Göttliche Komödie

Dass der Papst sich entschied, eine geplante Rede an der Universität in Rom nicht zu halten, hat eine heftige Auseinandersetzung zum Verhältnis von Kirche und Staat ausgelöst. Der Vatikan nutzt den Vorfall der­zeit populistisch, um sich als Opfer von Antiklerikalismus zu profilieren. Doch die Offensive der katholischen Hardliner in der italienischen Politik hat schon vor längerer Zeit begonnen. von federica matteoni

Die Studenten, die kurz vor einem geplanten Besuch von Benedikt XVI. an der römischen Universität La Sapienza einige Protestveranstaltungen organisiert hatten, waren fassungslos. Damit, dass ihre Aktionen einen solchen Eklat auslösen würden, hatten sie nicht gerechnet, und noch weniger mit der internationalen Aufmerksamkeit, die sie im Laufe der vorigen Woche hervorriefen. Dazu bedurfte es keiner spektakulären Aktion. Ein von 67 Professoren verfasster Brief an den Rektor, in dem Joseph Ratzinger zu einer im akademi­schen Raum unerwünschten Person erklärt wurde, war genug. Weil die Studenten parallel dazu die »antiklerikale Woche« ausgerufen hatten, war der Skandal schon programmiert.

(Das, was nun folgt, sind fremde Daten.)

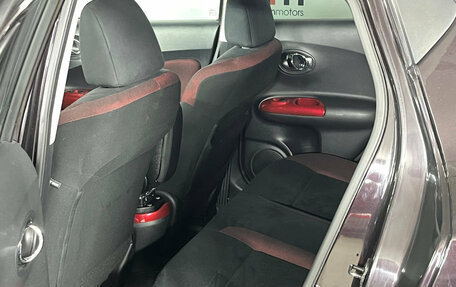 Nissan Juke II, 2013 год, 899 000 рублей, 22 фотография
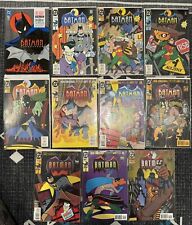 The Batman Adventures Lot Of 11 Comics 1, 3-6, 13-16, 18, 19 picture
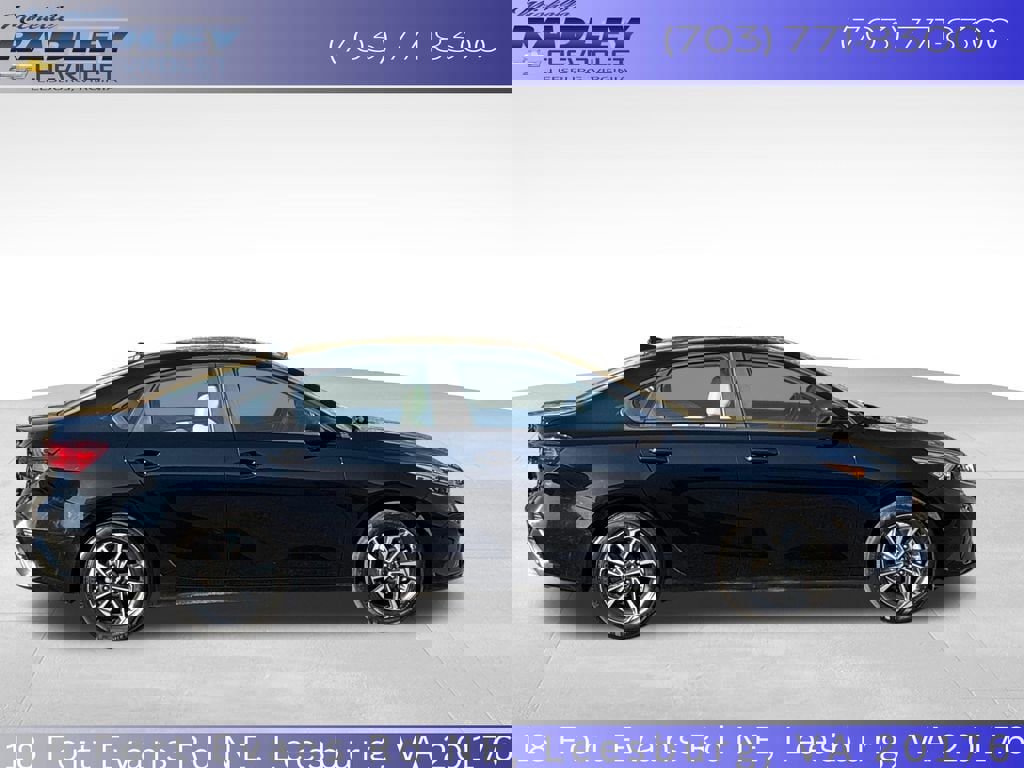 Used 2023 Kia Forte LXS image 7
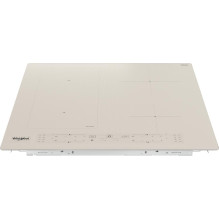 Indukcinė viryklė - WHIRLPOOL WL B6860 NE / S, 60 cm, 4 Zonos, Jutiklinis Valdymas, Smėlinė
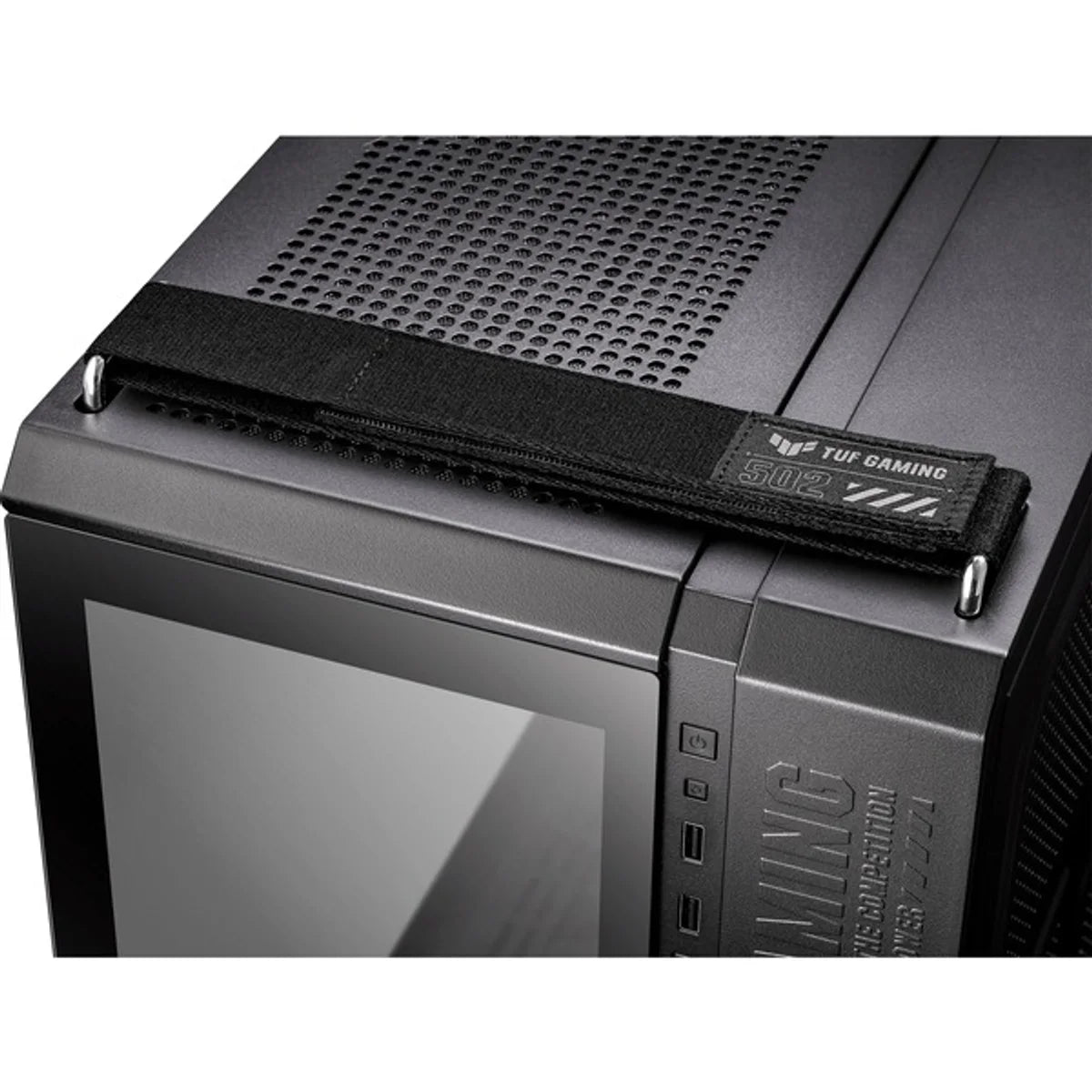 ASUS TUF GAMING GT502 PLUS TG ARGB Noir — vue 11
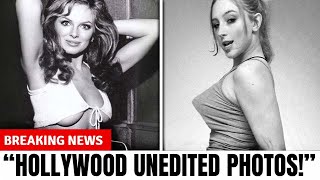 60 Unedited Photos From Old Hollywood That Need Your Attention
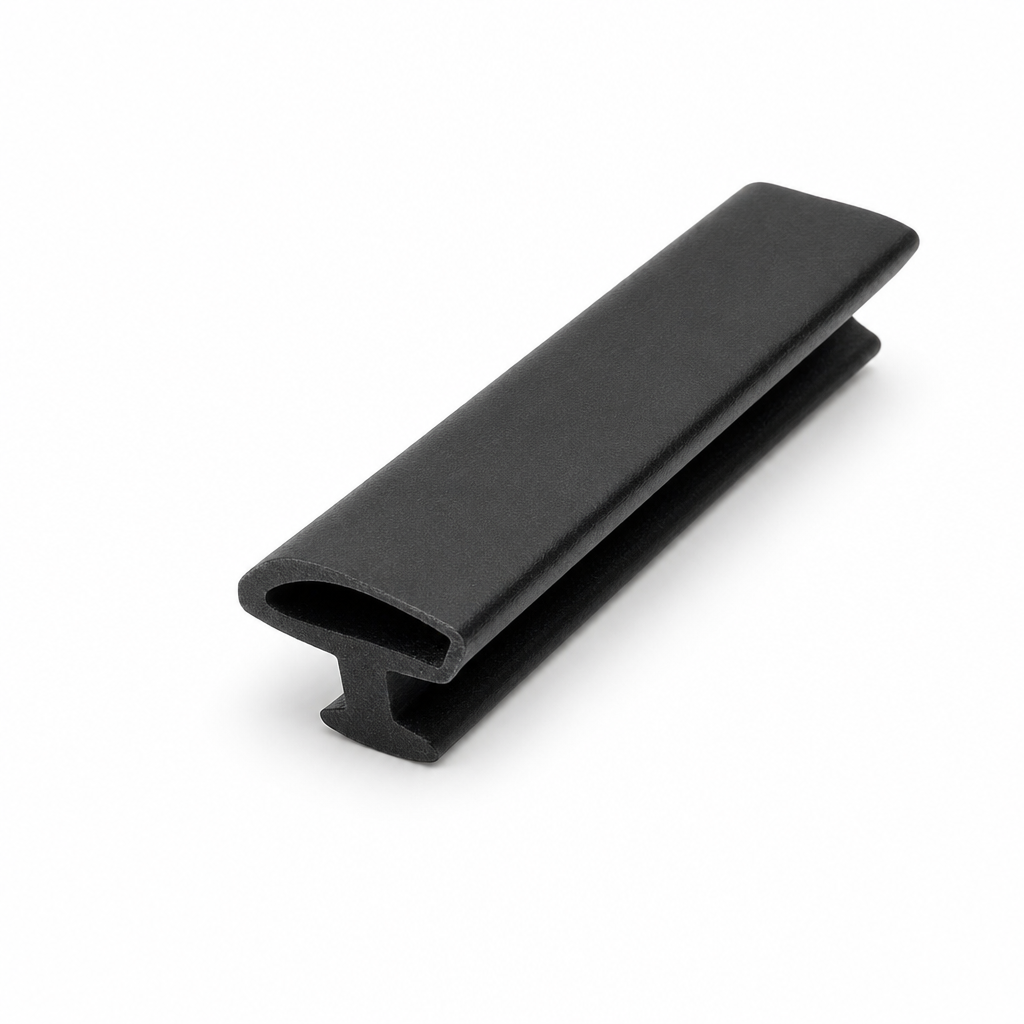 Flipper Gasket Seal for 4mm Slot – Per Metre
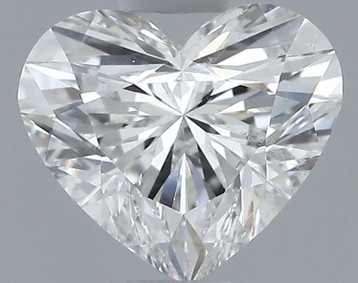 Heart 0.61 G SI1 - #877735
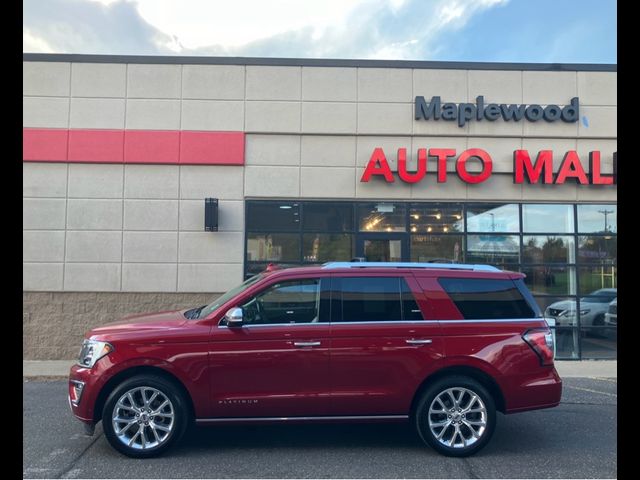 2018 Ford Expedition Platinum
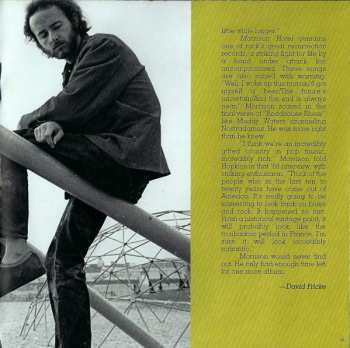 CD The Doors: Morrison Hotel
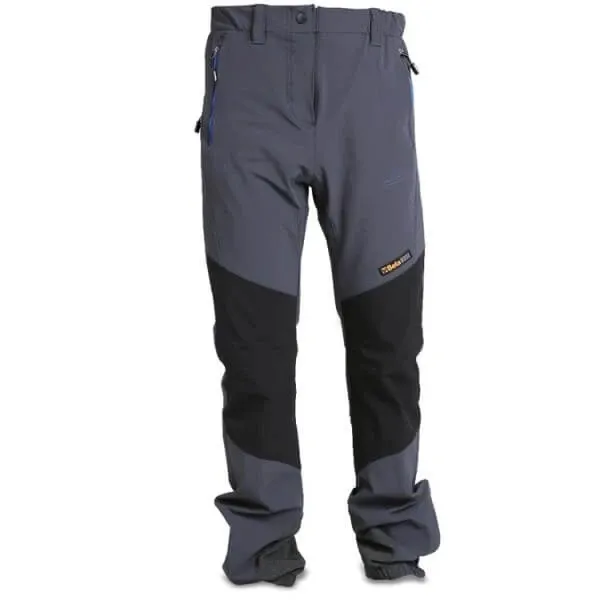Панталон за работа от плат, сив цвят, 7811 - XL размер, Beta Tools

Dass Ratzinger bei seiner geplanten Ansprache auf Einladung des Universitätsrektors zur Eröffnung des akademischen Jahrs nicht mit einem gottesfürchtigen Publikum rechnen konnte, war für den Vatikan Grund genug, den Besuch abzusagen. Ansonsten geschieht so etwas nur selten, etwa wenn ernsthafte Sicherheitsbedenken für die päpstliche Person bestehen. Dabei enthielt der inkriminierte Brief, in dem der Besuch des Papstes an der Universität als »unangemessen« bezeichnet wurde, kein großes Bedrohungspotenzial. Die Verfasser thematisierten keine der brisanten politischen Fragen, die in der italienischen Politik derzeit diskutiert werden und bei denen der Vatikan seinen Einfluss massiv ausübt, sondern beschränkten sich darauf, das Verhältnis zwischen Wissenschaft und Kirche zu problematisieren. Dabei verwiesen sie auf eine Rede, die Ratzinger vor 17 Jahren in Parma gehalten hatte, als er den Inquisitionsprozess gegen Galileo Galilei »vernünftig und gerecht« genannt habe. In Wirklichkeit stammten diese Worte ursprünglich nicht von Ratzinger, sondern aus einem Text von Paul Feyerabend. Unmittelbar nach Bekannt­werden des Briefs bemühte sich der Vatikan zu betonen, der Papst sei wieder einmal falsch zitiert worden. Erinnert werden sollte dabei an die Folgen der so genannten Islam-Rede von Benedikt XVI. im September 2006 in Regensburg, die ebenfalls von einem »falschen« Papst-Zitat ausgelöst worden waren.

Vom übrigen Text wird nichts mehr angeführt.